A small boat used on the river Pall.
A hat worn by German men.

Southpaw

A bear that lives in the Arctic.
Someone in Kent with no money.
A left-handed person.

Widgeon

A type of duck.
A painful growth on your toe.
A special kind of glass for drinking milk.

Most of us believe that telling the truth is a good thing – and I’m certainly not going to try and persuade us otherwise. But sometimes it can be very hard to know what is true. Some things we can prove, like maths, but it’s much harder to find a formula to prove the reality of a dream, or a smile, or love.

A
well-known Christian monk called Thomas Merton wrote powerfully about the Christian life not being about certainties, but, rather, about a search:

My Lord God, I have no idea where I am going. I do not see the road ahead of me. I cannot know for certain where it will end . .Therefore will I trust you always though I may seem to be lost and in the shadow of death. I will not fear, for you are ever with me.

And I think this is what the readings are about today. Christian faith, the passage from Hebrews tells us, is ‘the assurance of things hoped for, the conviction of things unseen.’

There are plenty of people who do want to try and prove Christianity wrong on an intellectual basis and Christians as really a bit embarrassing, stuck in the past, thinking the world’s going to end, desperate to get Jesus into any conversation, wearing hair shirts for the sake of it.

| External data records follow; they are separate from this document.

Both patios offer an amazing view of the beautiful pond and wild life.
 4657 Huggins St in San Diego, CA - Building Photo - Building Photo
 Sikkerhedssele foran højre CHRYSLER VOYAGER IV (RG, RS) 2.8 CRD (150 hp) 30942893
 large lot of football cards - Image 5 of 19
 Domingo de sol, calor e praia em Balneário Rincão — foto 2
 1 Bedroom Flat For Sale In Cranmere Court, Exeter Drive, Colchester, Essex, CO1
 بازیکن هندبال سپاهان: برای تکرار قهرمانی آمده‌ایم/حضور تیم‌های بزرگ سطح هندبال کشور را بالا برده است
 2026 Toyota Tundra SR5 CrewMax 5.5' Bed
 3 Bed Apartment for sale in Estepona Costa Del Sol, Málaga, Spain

We’ve all heard people like Richard Dawkins reducing the tenets of faith to nonsense. Dawkins himself is charismatic, brilliant, utterly convinced of his own rightness and contemptuous of any perspective of faith. And I know from my own experience that discussions around faith with atheist friends can be deeply inconclusive and unsatisfying, as indeed are conversations with those at the other end of the spectrum – those who are totally convinced of their own beliefs. For those of us somewhere in the middle, who move easily or uneasily between a place of being a believer with doubts and a sceptic troubled by a faith that will not go away, faith may be intrinsically linked to doubt. The opposite of faith is not doubt, it’s certainty. Where we have certainty, we have no need of faith.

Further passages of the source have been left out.